Being on call also has it's own language. Such as "float," "mole," "second call," and "third call." And the infamous "q."
As in q3 or q4...or even worse, q2.
Q means every. Q3 means you take call every third night. Q4, every fourth night. So, doesn't q2 just sound fun?
This is how I know that Hubster understands the language and the system. He looked over the SICU call schedule and exclaimed, "I can't believe they have you q3 for most of the month!"
Call can be stressful. Most of the bad things that happen, happen at night. No one seems to have strokes or chest pain in the middle of the day. This problems lurk around the corner in daylight hours and then pounce once it is dark.
The worst of the worst happens at night. This is when patients crash, when surgical complications manifest, when airways are lost, and blood pressures tank. It is at night that intubations are done, central lines are placed, and codes are run.
I've spent many call nights at the bed side, pushing emergency drugs, hand pumping blood and fluids, watching chest compressions being done.
But not every night. While the bad things do seem to cluster in the night hours, most nights are not full of panic and anxiety (and dare I say it...excitement.)
For the most part, call is just really, really, really annoying.

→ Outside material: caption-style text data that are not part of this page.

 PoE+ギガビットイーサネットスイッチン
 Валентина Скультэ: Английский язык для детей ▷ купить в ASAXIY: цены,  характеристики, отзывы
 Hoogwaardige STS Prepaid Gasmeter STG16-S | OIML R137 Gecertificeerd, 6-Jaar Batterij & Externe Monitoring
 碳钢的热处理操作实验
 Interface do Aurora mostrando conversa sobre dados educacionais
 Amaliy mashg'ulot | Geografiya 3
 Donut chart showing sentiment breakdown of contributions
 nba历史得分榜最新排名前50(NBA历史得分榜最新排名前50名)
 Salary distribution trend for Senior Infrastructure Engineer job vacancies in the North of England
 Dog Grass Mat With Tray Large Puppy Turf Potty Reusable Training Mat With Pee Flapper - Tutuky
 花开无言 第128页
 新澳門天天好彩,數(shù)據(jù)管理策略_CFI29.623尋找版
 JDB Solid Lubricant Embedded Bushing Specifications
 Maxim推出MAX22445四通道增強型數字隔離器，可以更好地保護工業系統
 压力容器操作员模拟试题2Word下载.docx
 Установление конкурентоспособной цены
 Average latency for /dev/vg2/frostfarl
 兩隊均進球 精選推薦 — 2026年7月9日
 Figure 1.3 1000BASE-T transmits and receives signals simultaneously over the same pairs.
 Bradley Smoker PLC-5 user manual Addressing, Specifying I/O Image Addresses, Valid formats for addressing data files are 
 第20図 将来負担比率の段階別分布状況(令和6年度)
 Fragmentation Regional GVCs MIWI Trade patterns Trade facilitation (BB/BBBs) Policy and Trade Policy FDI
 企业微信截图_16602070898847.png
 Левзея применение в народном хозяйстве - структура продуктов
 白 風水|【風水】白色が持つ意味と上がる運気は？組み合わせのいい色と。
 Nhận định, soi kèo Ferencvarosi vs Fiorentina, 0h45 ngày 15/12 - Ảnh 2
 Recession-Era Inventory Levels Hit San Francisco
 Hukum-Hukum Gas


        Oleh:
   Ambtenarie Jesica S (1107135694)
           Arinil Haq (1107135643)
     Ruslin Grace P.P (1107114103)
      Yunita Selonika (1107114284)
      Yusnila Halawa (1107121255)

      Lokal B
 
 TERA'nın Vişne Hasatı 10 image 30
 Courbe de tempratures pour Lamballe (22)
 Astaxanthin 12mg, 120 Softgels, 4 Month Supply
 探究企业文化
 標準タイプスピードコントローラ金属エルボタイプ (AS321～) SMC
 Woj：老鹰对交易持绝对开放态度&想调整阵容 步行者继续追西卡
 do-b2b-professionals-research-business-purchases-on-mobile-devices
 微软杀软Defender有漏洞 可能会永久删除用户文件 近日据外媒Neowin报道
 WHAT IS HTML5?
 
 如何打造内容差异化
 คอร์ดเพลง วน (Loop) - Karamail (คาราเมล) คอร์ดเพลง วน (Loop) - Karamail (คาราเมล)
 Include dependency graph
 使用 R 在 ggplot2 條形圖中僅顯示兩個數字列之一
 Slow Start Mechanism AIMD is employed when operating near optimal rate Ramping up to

In the ICU, all the beds are open to the central nursing desk, so you can sit at the desk and have a direct line of site to each patient. It's very noisy.
Every time an infusion finishes, or every time an IV tube kinks or clogs, or every time the smallest bubble is in the line, the IV pumps alarm. There are eight patients each separate SICU bay. Each patient has between 2 to 12 IV pumps. They are alarming all the time. Each patient has EKG monitoring, oxygen monitoring, respiratory monitoring, and if they are intubated, ventilator monitors. If this fall off (which they do), or if the patient's heart rate, oxygen saturation, respiratory rate, blood pressure, or any other parameter we happen to be monitoring goes outside the set parameters (even for three seconds), the alarms go off. There are alarms dinging and ringing ALL THE TIME. The majority of these do not need responding to. But we monitor, just in case.
I hear the dinging of the alarms in my head all the time, especially in the quiet of my call room, or as I'm trying to fall asleep post-call at home.
Most things on call are easy to deal with. Orders to be clarified, labs to be followed up, pain medicines to be adjusted.
There are usually quiet moments to escape to the call room. But it is hard to sleep. I lay there, and I just know that my pager is going to go of, at any unpredictable moment. I can't relax, I can't sleep comfortably. I usually just lay there, on the uncomfortably thin mattress with the uncomfortably thin blanket, and wait for my pager to go off.
You can absolutely bet I have my call days marked on the calender and am eagerly crossing them off, one by one.